The main writers and artists for the first three issues were Steve Vance and Bill Morrison, who were behind the creation of Bongo Comics itself. In late 1994, Steve Vance and his wife Cindy left Bongo Comics. The Bartman comic was put on hold and there was a gap of 9 months between Bartman #3 and #4. #4-6 contained a three-issue story arc written by Gary Glasberg and Bill Morrison, and with issue 6, Bartman was discontinued.

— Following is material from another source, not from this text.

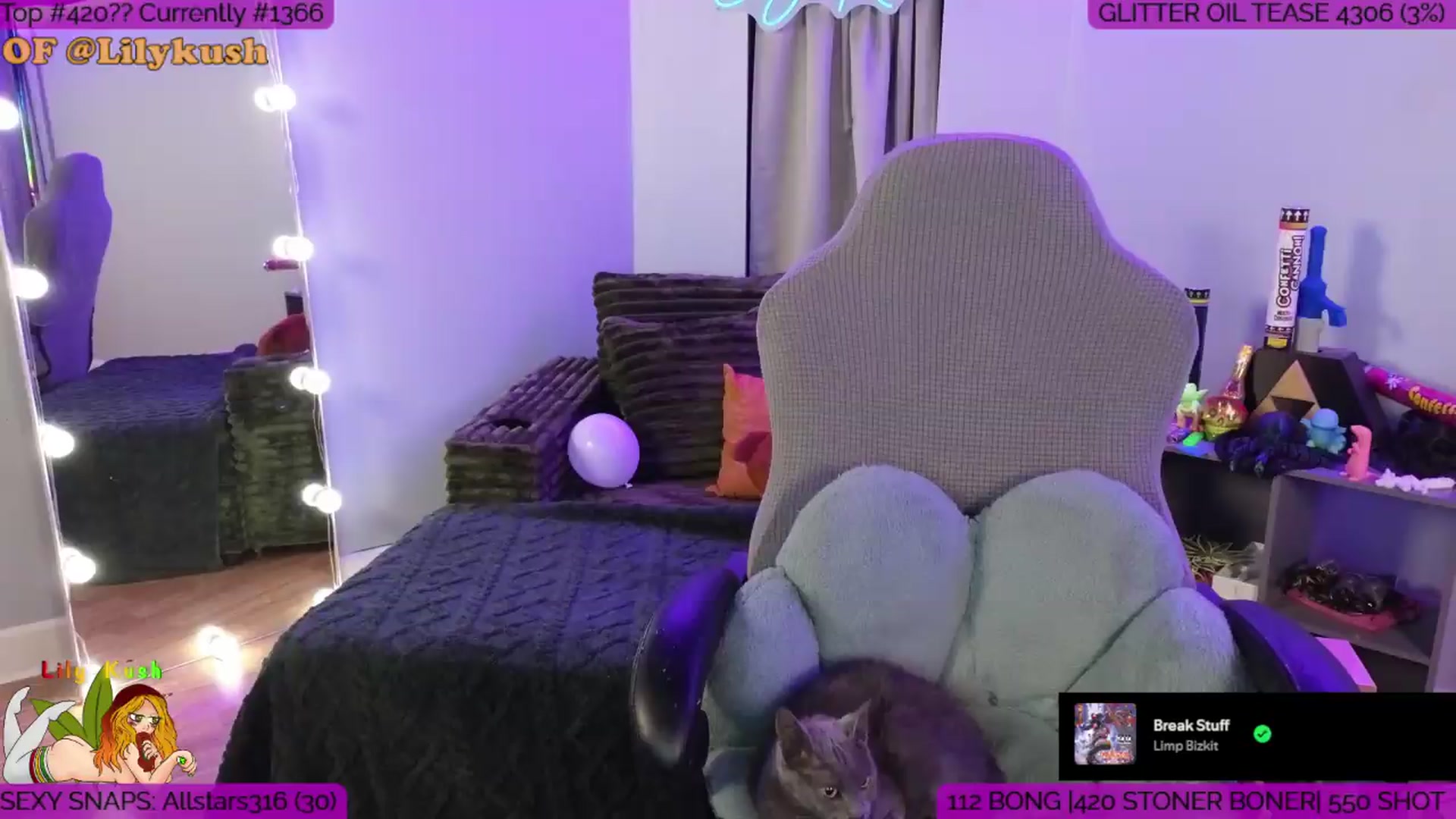 Gallery image thumbnail from LilyKush's myfreecams stream on, 06/13/2026, 22:03 image 5 of 20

Simpsons Comics is a monthly series based on the animated TV show The Simpsons. The first issue was published on November 29, 1993. Since then over two hundred issues have been released, with the 100th issue mainly the comic book equivalent of a clip show. It was originally published bi-monthly, but went monthly in the fall of 2000.
Since March 1997, the comic has also had a monthly United Kingdom edition. This mainly reprints the stories from the U.S. edition, along with pages featuring UK readers’ drawings (currently Springfield Multiplex for movie parodies and Android’s Dungeon for video game and comic book parodies) and Junk Mail, a letters page which also features generic drawings, along with the readers’ frequent attempts to guess the identity of ‘Junk Mail Guy’, the incredibly sarcastic man who answers the letters and has apparently been locked up in a basement. The U.S. and Australian editions used to have Junk Mail, but it disappeared beginning with #114. But returned some time later.